ACTIVITY:
Find the line below with "水卫士 3D深层洁净洗衣液3.2Kg/瓶 SWS023 商品图4" and the line with "购买塑料花盆儿批发价格". Output exactly those lines and everything between them, leaving out the pictures.

THE DATA:
= = = =

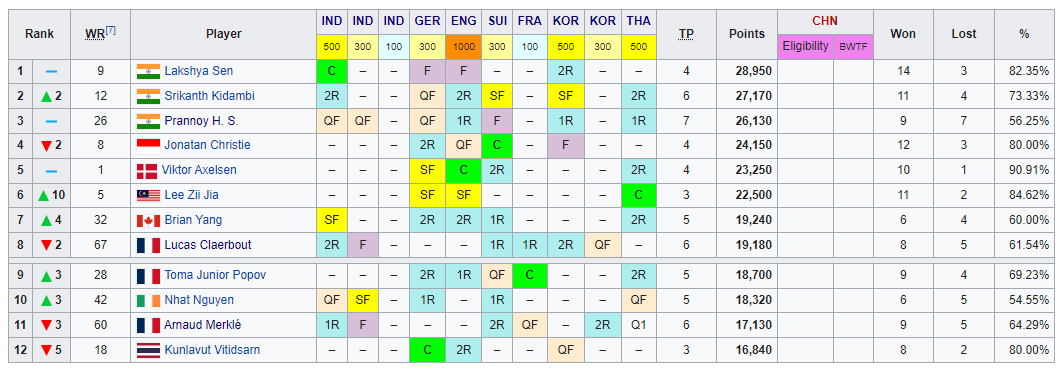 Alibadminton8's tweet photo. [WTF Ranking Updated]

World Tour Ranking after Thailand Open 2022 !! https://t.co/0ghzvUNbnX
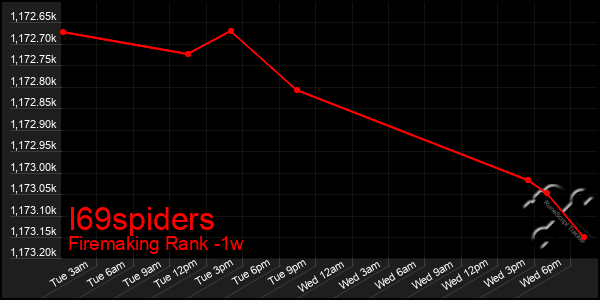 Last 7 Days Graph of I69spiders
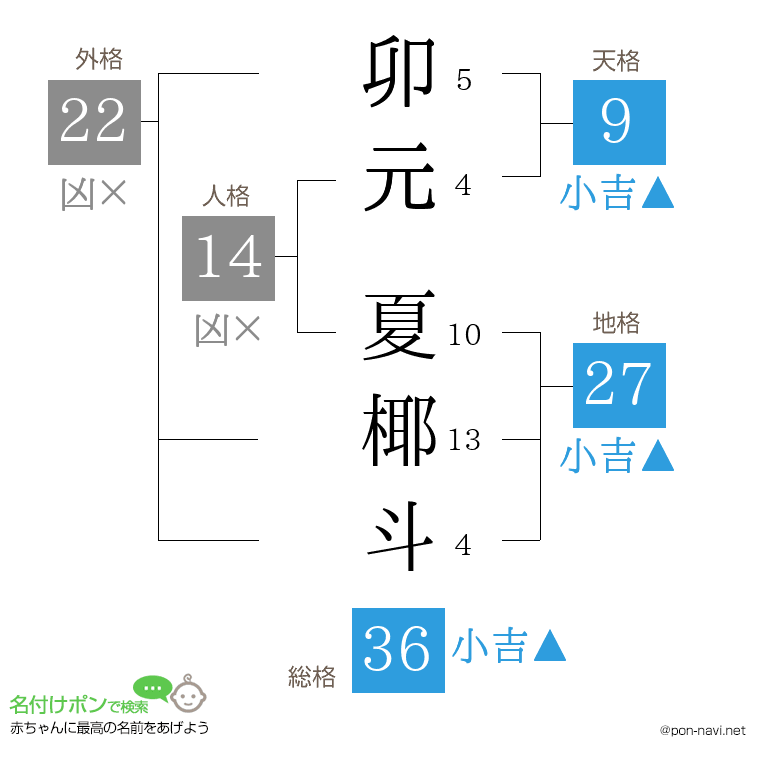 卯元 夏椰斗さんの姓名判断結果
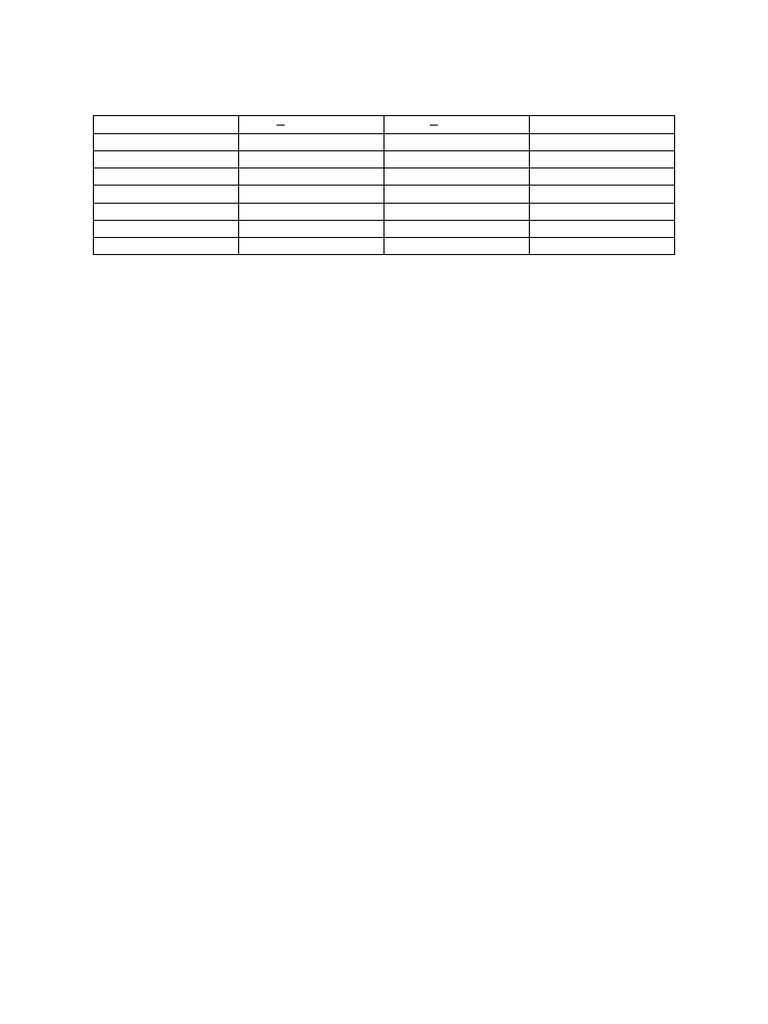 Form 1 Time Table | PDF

= = = =

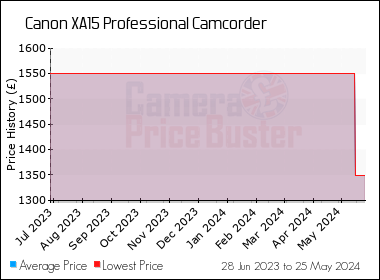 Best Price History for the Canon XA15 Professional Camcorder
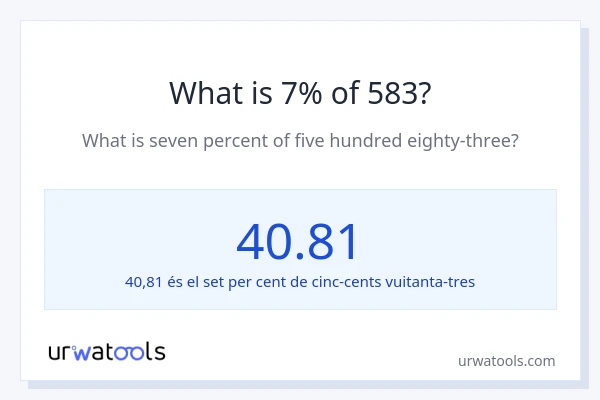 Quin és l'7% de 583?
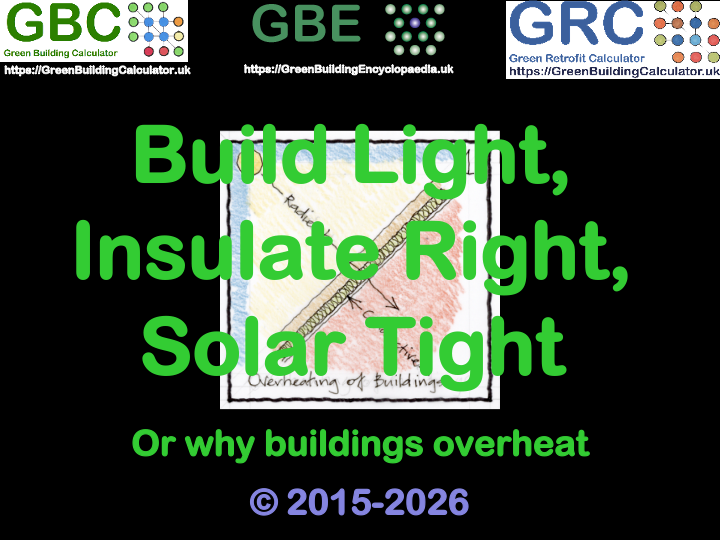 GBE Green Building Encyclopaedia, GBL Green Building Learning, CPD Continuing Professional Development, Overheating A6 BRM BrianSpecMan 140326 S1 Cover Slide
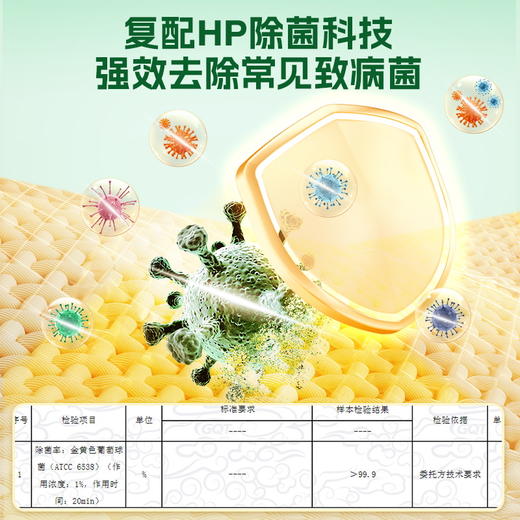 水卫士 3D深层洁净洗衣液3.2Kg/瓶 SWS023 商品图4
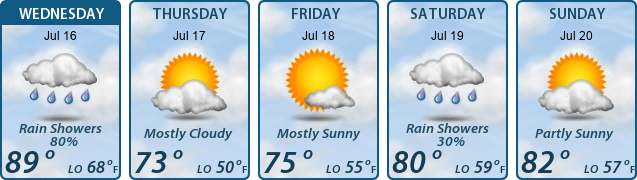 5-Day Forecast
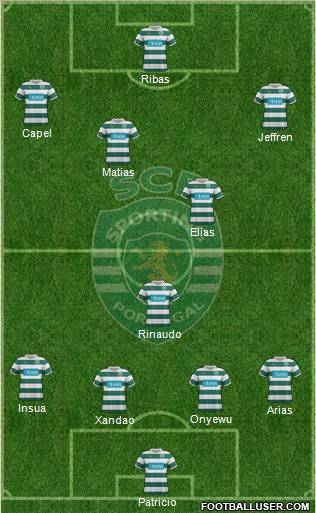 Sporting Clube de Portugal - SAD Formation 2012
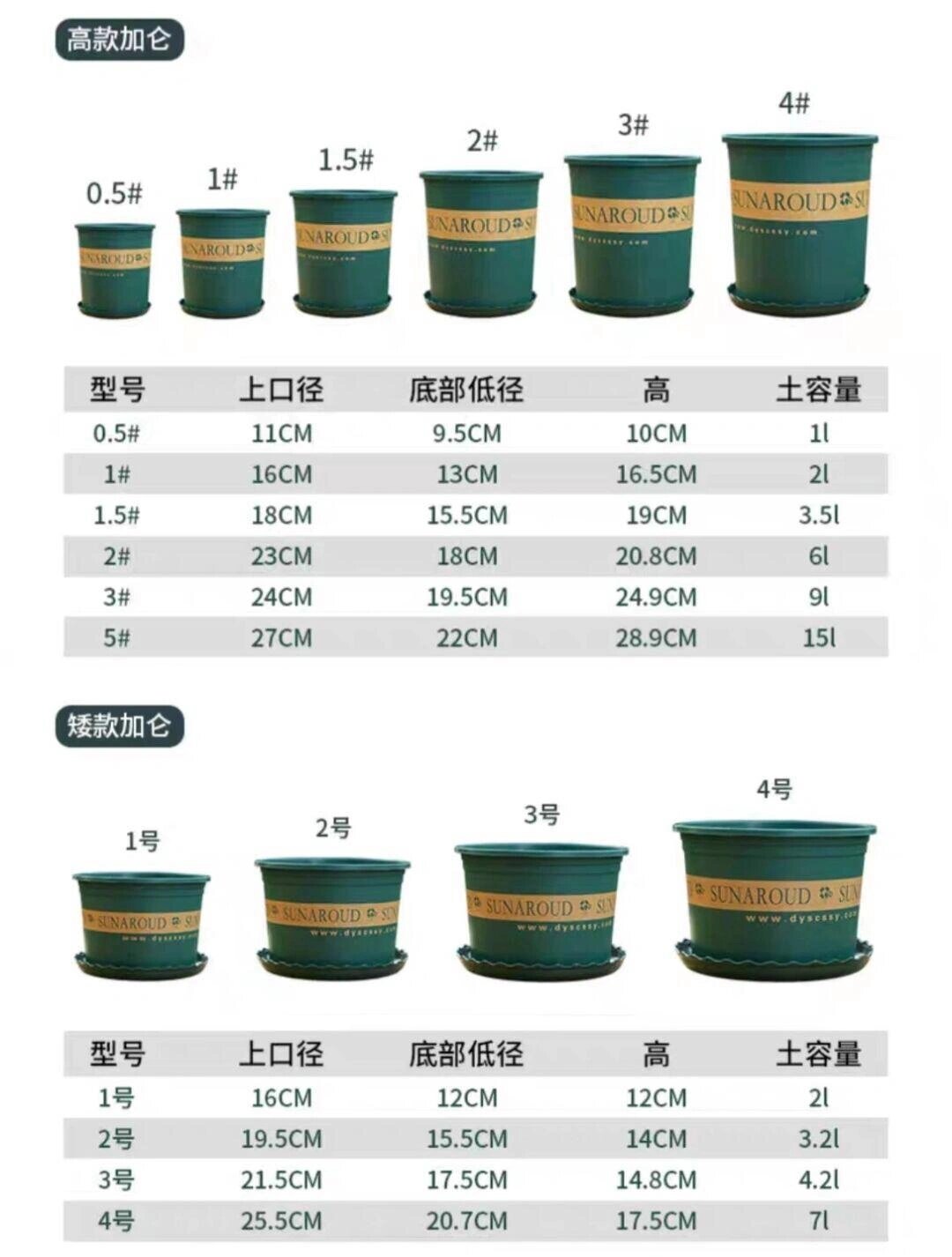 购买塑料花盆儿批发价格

= = = =

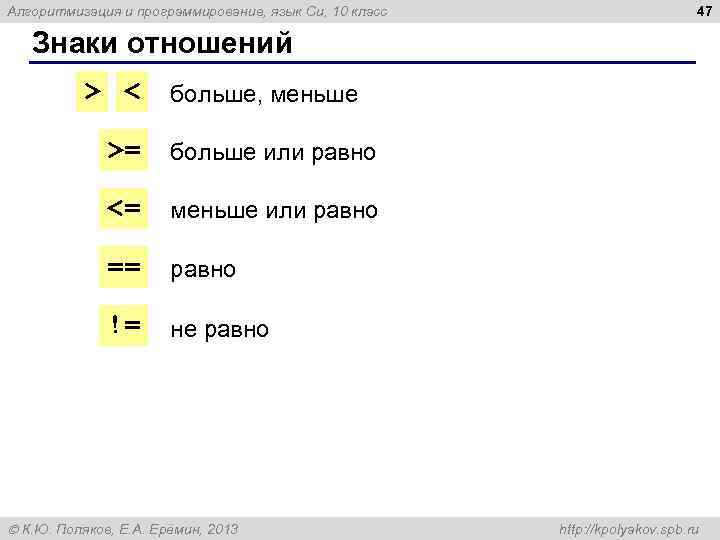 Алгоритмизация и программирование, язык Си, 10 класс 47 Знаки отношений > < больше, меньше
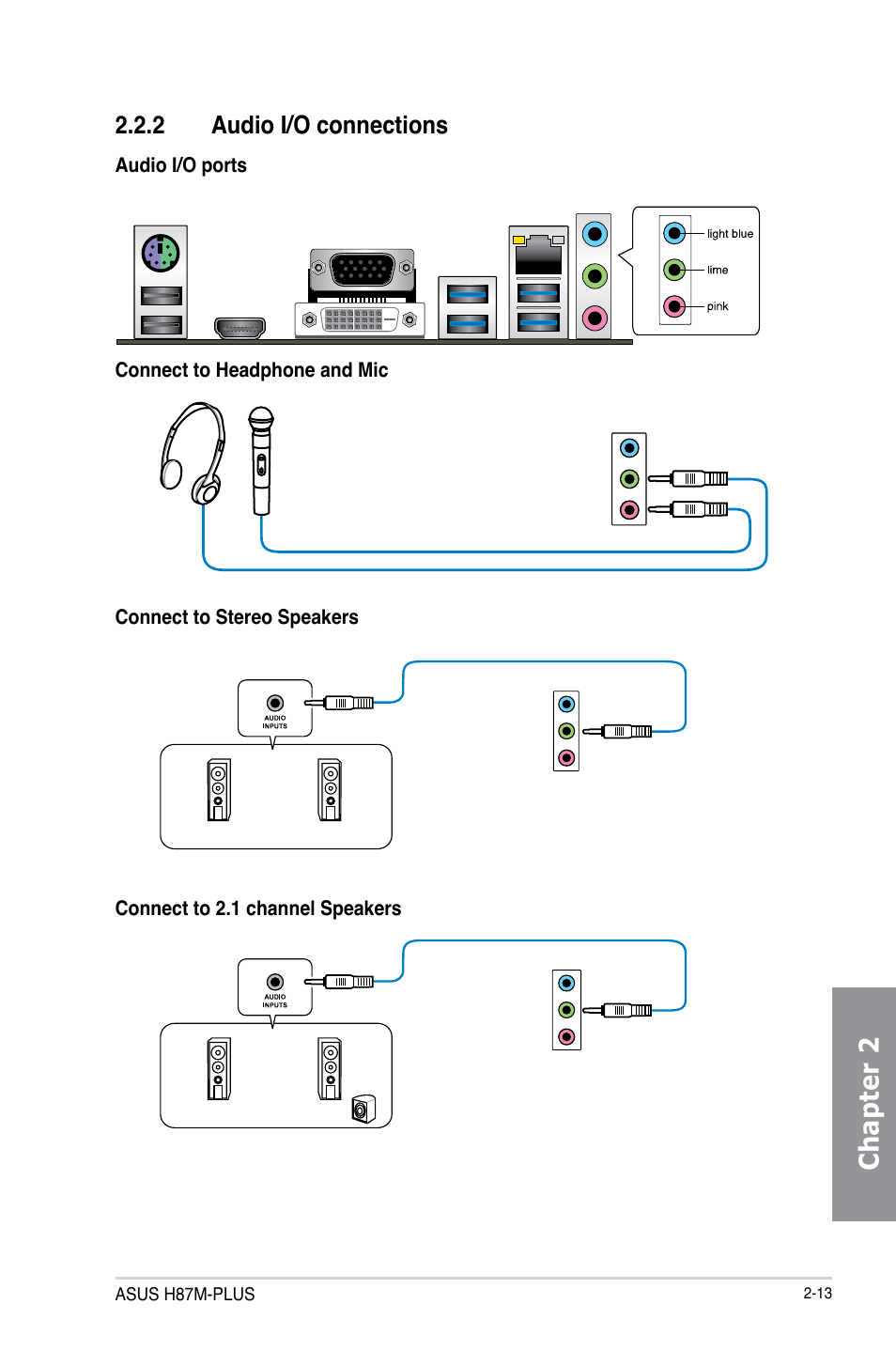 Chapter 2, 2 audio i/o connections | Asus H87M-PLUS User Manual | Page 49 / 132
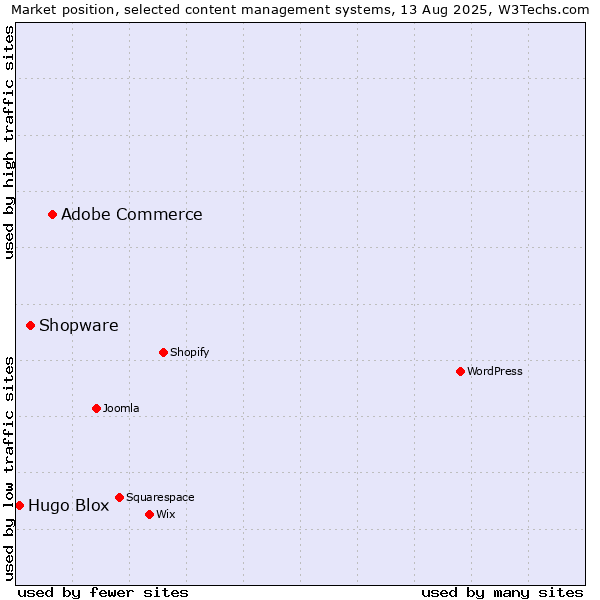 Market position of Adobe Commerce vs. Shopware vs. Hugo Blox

= = = =

TASK SOLUTION:
 水卫士 3D深层洁净洗衣液3.2Kg/瓶 SWS023 商品图4
 5-Day Forecast
 Sporting Clube de Portugal - SAD Formation 2012
 购买塑料花盆儿批发价格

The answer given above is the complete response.